# Linear dependence of a set under linear transformation?

1. Sep 18, 2011

### poochie_d

Hi all,

Here is the problem:
If T: V -> W is a linear transformation and S is a linearly dependent subset of V, then prove that T(S) is linearly dependent.

Now, I know that the usual proof goes as follows:
Since S is linearly dependent, there are distinct vectors $v_1, ..., v_n$ in S and scalars $a_1, ..., a_n$ (not all zero) such that $\sum_{i=1}^n a_i v_i = 0.$

=> $\sum_{i=1}^n a_i T(v_i) = T(\sum_{i=1}^n a_i v_i) = T(0) = 0$

=> Since there are vectors $T(v_1), ..., T(v_n)$ in T(S) and scalars $a_1, ..., a_n$ (not all zero) such that they form a nontrivial representation of 0, it follows that T(S) is dependent.

What I am wondering is whether the above proof is still valid if some of the $v_i$'s take on the same value under T. In this case, wouldn't the proof be wrong, since you have to have distinct vectors to show that the set is dependent?
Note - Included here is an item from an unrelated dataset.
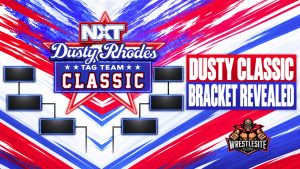2026 Dusty Classic Bracket Revealed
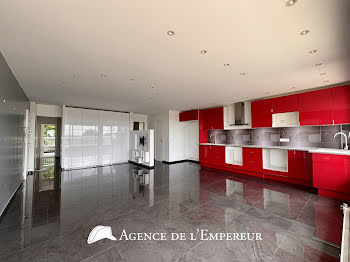 appartement à Rueil-Malmaison (92)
e.g. What if you have a situation where $S = \{v_1,v_2,v_3\}$ and $v_1 + v_2 - 2v_3 = 0,$ but $T(v_1) = T(v_2) = T(v_3) = w$ (say), so that
$0 = T(v_1) + T(v_2) - T(v_3) = w + w - 2w = 0w$? This doesn't prove that T(S) is dependent! (Or does it?)

Any help would be much appreciated. Thanks!

PS: I am posting this here since it is related to linear algebra, but maybe this is a homework-type question; please feel free to move it to a different forum if it doesn't belong here.

2. Sep 19, 2011

### Staff: Mentor

I moved this to the Homework & Coursework section, which is where it should go. Adding this note will bump the question.

3. Sep 21, 2011

### poochie_d

Oh, never mind; I figured it out. It turns out the statement I was trying to prove is not true...
e.g. If you have $T:\mathbb{R}^2 \to \mathbb{R}, \: T(x,y) = x+y,$ and $S = \{(2,0),(0,2),(1,1)\},$ then $S$ is linearly dependent but $T(S) = \{2\}$ is not.